■ ABOUT THIS EXERCISE: In your copy of the listing below, reproduce each word exactly and include no pictures.

■ PROVIDED MATERIAL:
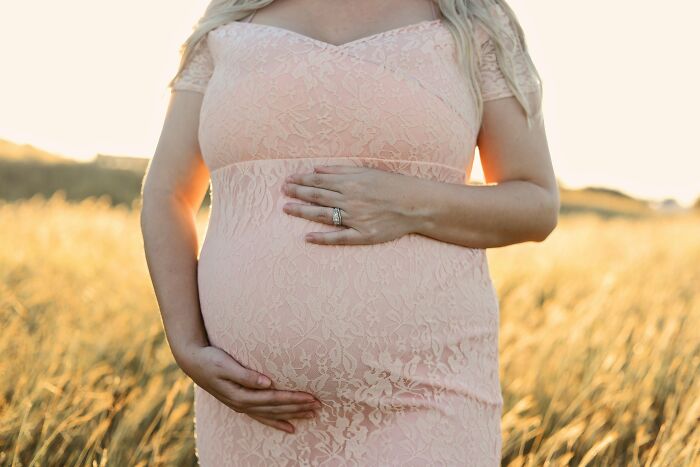 Pregnant woman in a field wearing a lace dress, holding her belly, possibly related to secret affairs of teachers.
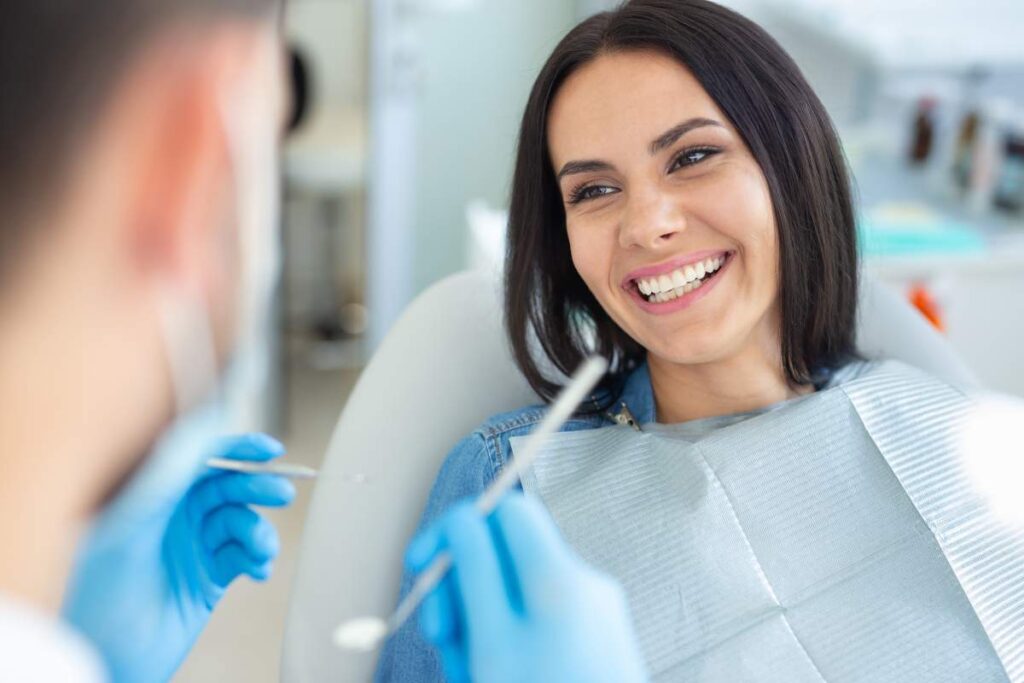 Person brushing teeth beside a bathroom sink with a soft toothbrush, toothpaste, and floss visible.
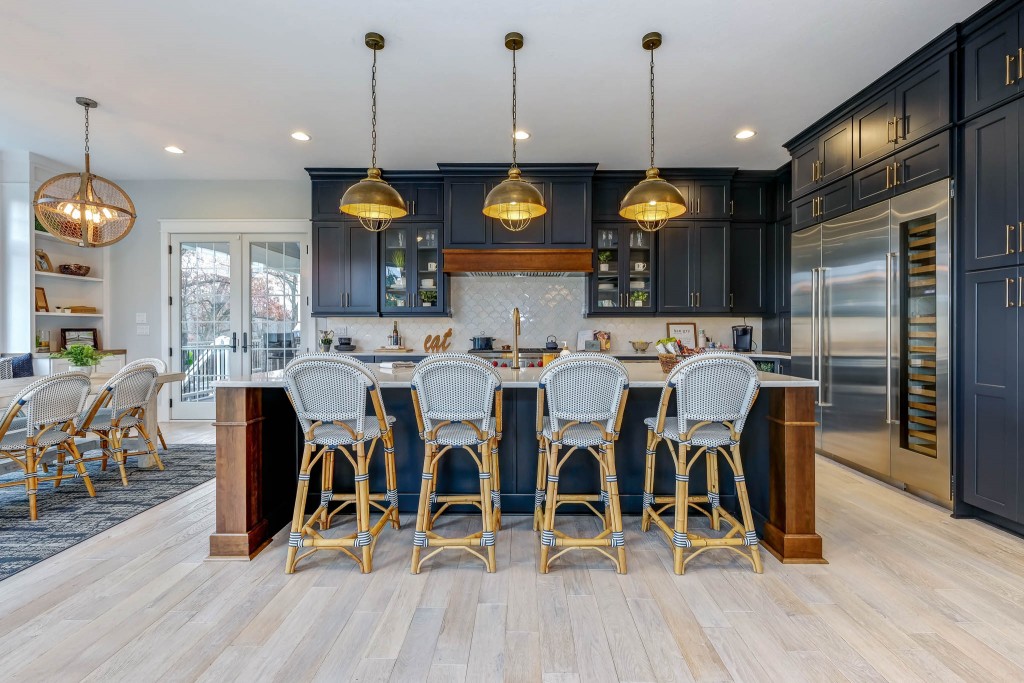 Portland Model Home, beach style luxury home in Mars PA, kitchen with dark blue cabinets with bronze hardware – Infinity Custom Homes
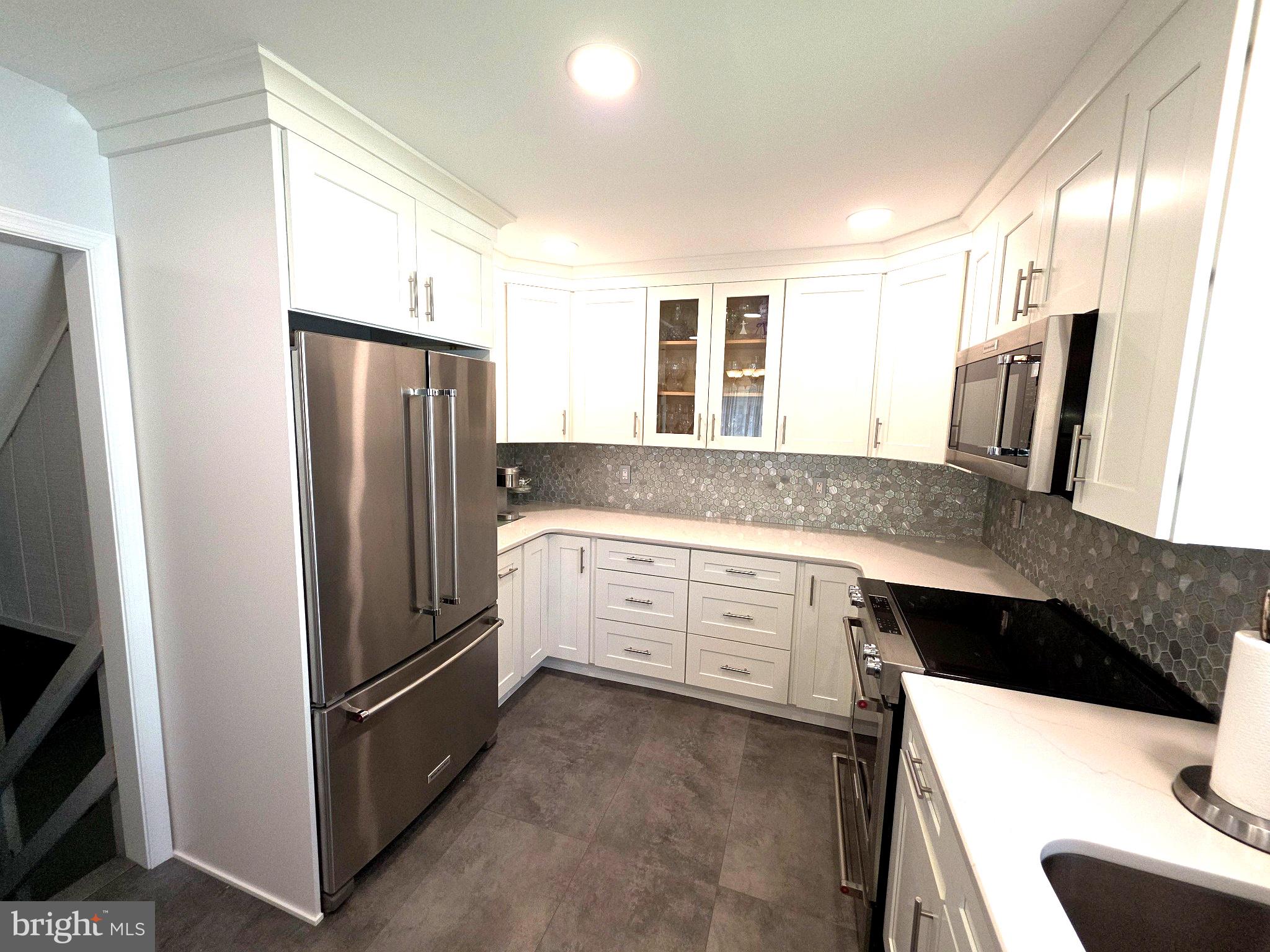 156 Crockett Road Warminster, PA 18974 - Photo 26 of 57 a kitchen with a refrigerator and a sink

■ ANSWER TO THIS PROBLEM:
 Pregnant woman in a field wearing a lace dress, holding her belly, possibly related to secret affairs of teachers.
 Person brushing teeth beside a bathroom sink with a soft toothbrush, toothpaste, and floss visible.
 Portland Model Home, beach style luxury home in Mars PA, kitchen with dark blue cabinets with bronze hardware – Infinity Custom Homes
 156 Crockett Road Warminster, PA 18974 - Photo 26 of 57 a kitchen with a refrigerator and a sink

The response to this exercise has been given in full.